As sequencing-based technologies only become more ubiquitous, algorithms such as the one presented in this work will find further utility in identifying and characterizing relevant biological signal, yielding new understandings of complex genomic concepts hidden within this vast amount of data.

Methods

Data curation

TCR sequencing files were collected as raw tsv/csv formatted files (Supplementary Fig. 1) from the various sources cited within the manuscript. Sequencing files were parsed to take the amino acid sequence of the CDR3 after removing unproductive sequences. Clones with different nucleotide sequences but the same amino acid sequence were aggregated together under one amino acid sequence and their reads were summed to determine their relative abundance. Within the parsing code, we additionally specified to ignore sequences that used non-IUPAC letters (*,X,O) and removed sequences that were greater than 40 amino acids in length. For the purpose of the algorithm, the maximum length can be altered but we chose 40 as we did not expect any real sequences to be longer than this length.

Data transformations

In order to allow a neural network to train from sequence data, we converted the amino acids to numbers between 0 and 19 representing the 20 possible amino acids. These were then one-hot encoded as to provide a categorical and discrete representation of the amino acids in numerical space. This process was applied prior to all networks being trained. For analyses where V/D/J gene usage, these genes were represented as categorical variables and one-hot encoded as inputs for the neural network.

TCR featurization block

The core of all deep learning architectures is the TCR Featurization Block which takes the various sequence data for a given TCR and transforms it to a latent joint representation of all its inputs. For the α/β CDR3 sequences, we take variable length right-padded sequence data which has been encoded in one-hot representation and first apply an embedding layer which transforms this one-hot representation to a trainable continuous representation of dimensionality 64. This embedding layer learns features of each amino acid allowing the network to learn amino acids which may play similar roles in antigen-binding in the context of the TCR. Following this transformation, three convolutional layers are applied to the continuous representation of the CDR3 sequences. The kernel, stride sizes, and number of feature maps were (kernel: 5, stride: 1, feature maps: 32), (kernel: 3, stride: 3, feature maps: 64), (kernel: 3, stride: 3, feature maps: 128) respectively for the three layers. If the convolutional stack is being used within the VAE, the output of the final convolutional layer is flattened. If the convolutional stack is being used within either the supervised sequence classifier or repertoire classifier, the global max pooling operation is applied across the length of the sequence to provide the ability for the network to learn length-invariant motifs.

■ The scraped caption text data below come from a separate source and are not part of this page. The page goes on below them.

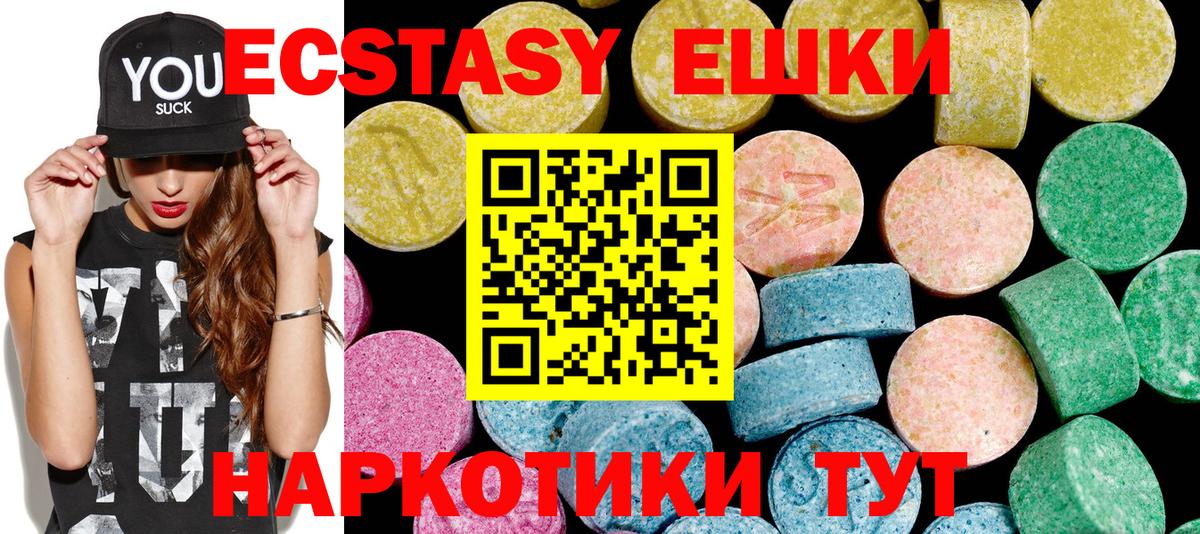 Ecstasy louis Vuitton  Вход с VPN  Электрогорск  Экстази ешки 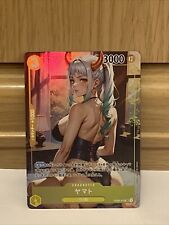 Yamato alt art for sale  TEWKESBURY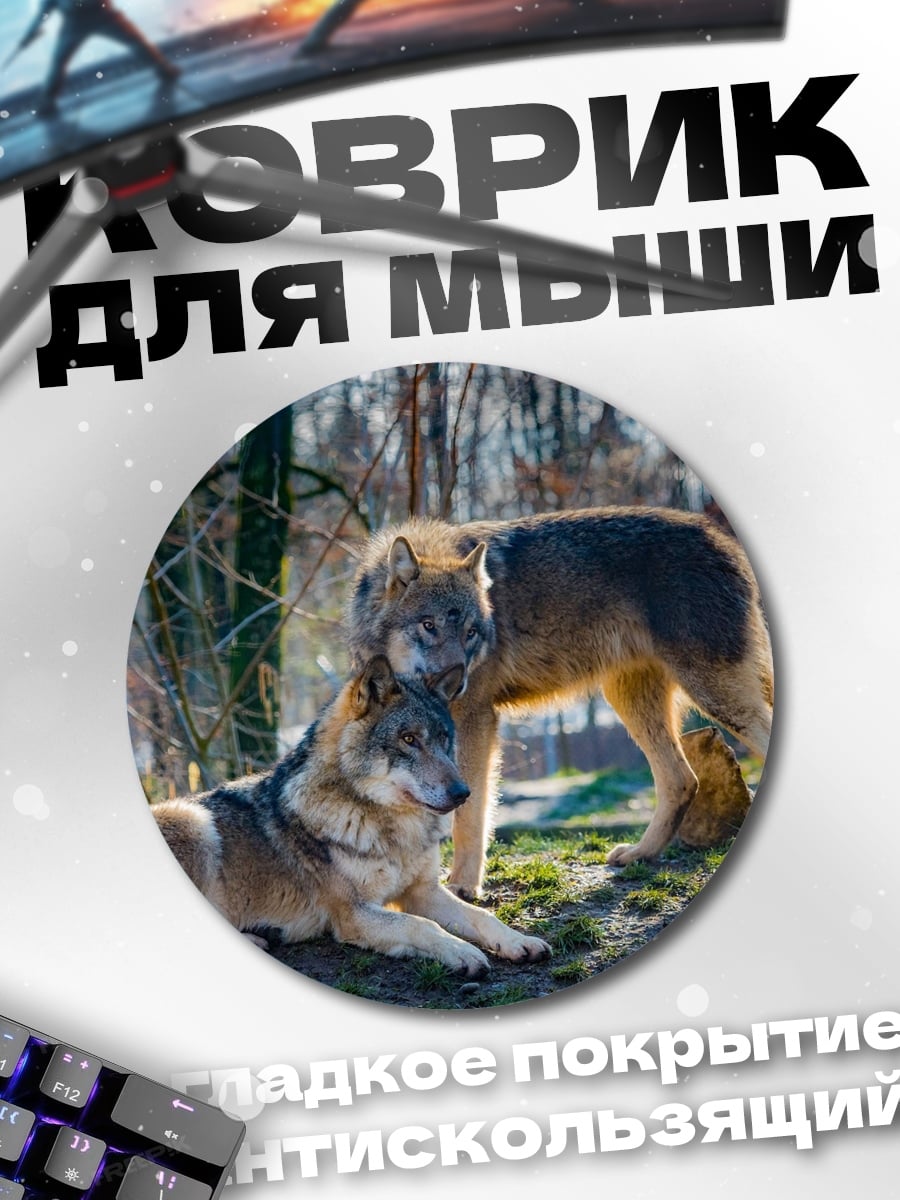 Коврик круглый два волка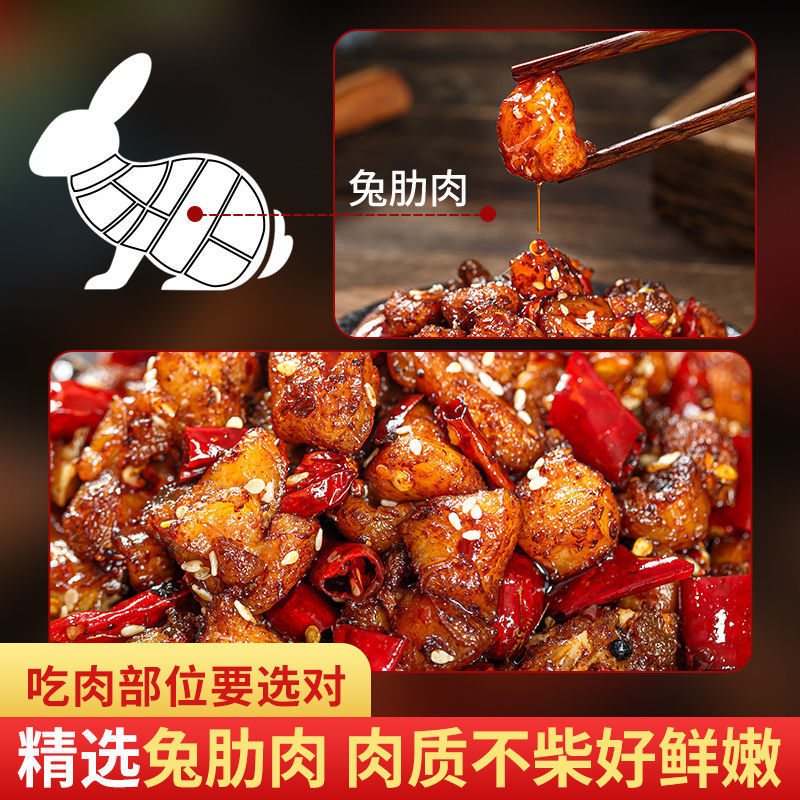 酸掌柜四川冷吃兔丁即食特产下酒菜自贡肉类休闲解馋小吃零食12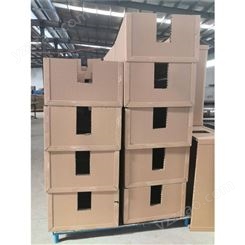 蜂窝包装箱定制价格 长安蜂窝纸箱、蜂窝箱、高承载蜂窝箱、蜂窝包装、蜂窝纸板箱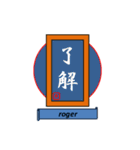漢字style（個別スタンプ：4）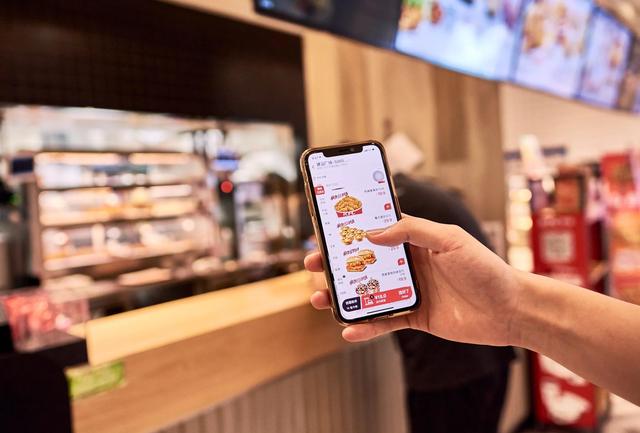 肯德基超级APP推出“极简版”帮“银发族”解决点餐难题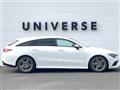 2021 Mercedes-Benz CLA Shooting Brake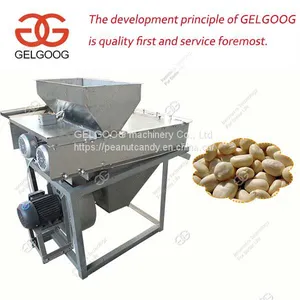 Commercial Peanut Dry Type Peeling Machine High Efficiency thumbnail-1
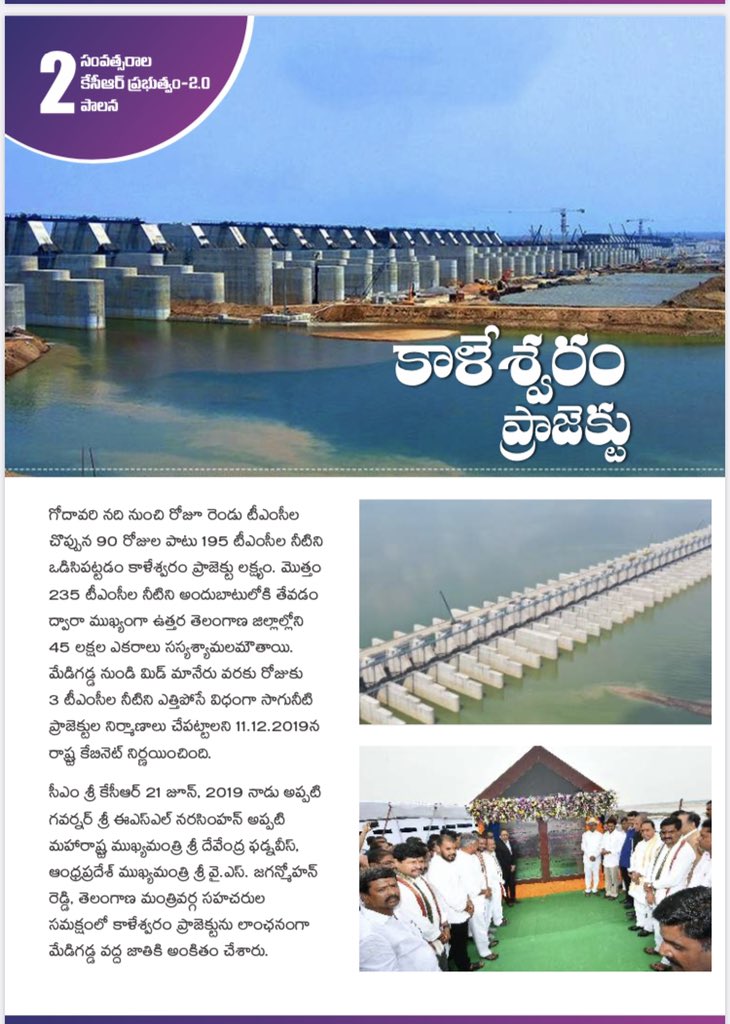  #KaleshwaramProject to irrigate over 1 Crore acres #MissionKakatiya to rejuvenate over 45,000 tanks & lakes #RyhthuBandhu 58 Lakh+ beneficiaries #RythuBima 38,000+ families received 5 Lakhs #FarmLoanWaiver 5.5 Lakh+ farmers became debt freeNew  #RevenueAct..(2/10) @KTRTRS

If V/D/J gene information is provided as an input to the network, this data are represented first as categorical variable with a one-hot encoding to the network. Once again, we apply a trainable embedding layer which transforms this one-hot representation to a continuous representation of dimensionality 48. This transformation produces the featurization of the V/D/J genes.

After all inputs to the network have been featurized, they are concatenated and this completes the TCR Featurization Block where a TCR is described by a vector of continuous variables that describe all of the possible CDR3 sequences and corresponding V/D/J gene usage. This TCR Featurization Block is used as the main building block for all networks described and used in the manuscript.

Training VAE

In order to train the VAE, following creation of the computational graph as described in the manuscript and main figure, we applied an Adam Optimizer (learning rate = 0.001) to minimize a reconstruction loss and a variational loss. The reconstruction loss is the cross-entropy loss between the reconstructed sequence (S) and the one-hot encoded tensor of the input sequence (L) across the ith position in the sequence (1). The variational loss is the Kullback–Leibler (KL) divergence between the distributions of the latent variables and a unit Gaussian (2).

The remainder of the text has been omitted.